KUWADRO NUMERO UNO (Frame Number One). Published 1996. Author, Benilda S. Santos. Pasig City: Anvil Publishing, Inc. 108 pp.
The poet’s writing is much influenced by the bagay movement, as can be seen in the use of concrete images, clean lines, and the philosophical bent of some of the book’s major subjects. Santos employs these literary devices very well in the collection.
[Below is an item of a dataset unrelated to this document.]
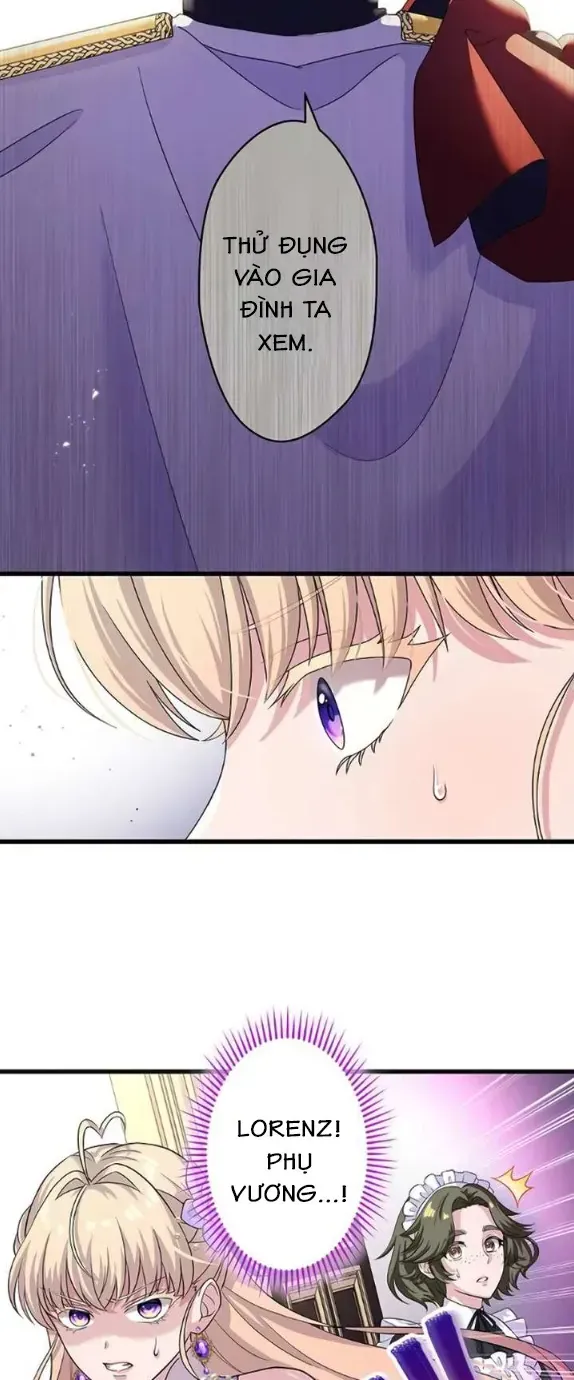 Tiểu Thư Út Tái Sinh Chap 61 - Next Chap 62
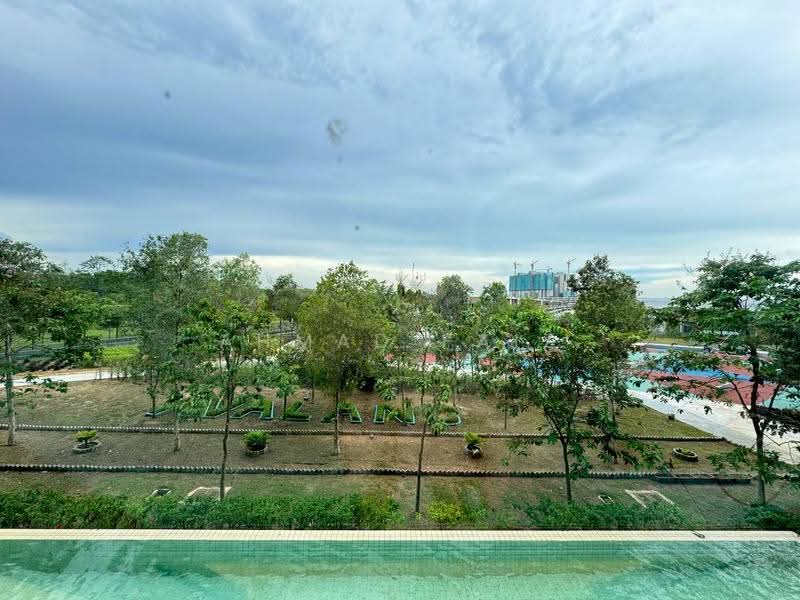 2-storey Terraced House for Rent in Dengkil (Selangor) - Ahmad Faiz - Exterior - PropertyGuru.com.my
The seventy one (71) poems in Kuwadro are subdivided into seven sections categorized according to topics aptly titled “Pitak at Larawan,” or “ Rekwerdo ng Buwan.” The orderly presentation of subjects from women issues, individual concerns, to the beauty of nature facilitate understanding of the themes of spiritual awareness and human freedom. Santos’s poetry is of the lyrical and analogical kind that encourage readers to think about the common symbols used and think about their significant meanings.
Eight poems are in the moon section which center on the life-renewing powers of the celestial body. Ecstatic in tone, these pieces sound like prayers for the poor and the tired, that the moon’s cool light “touch their foreheads and take away the painful memories.”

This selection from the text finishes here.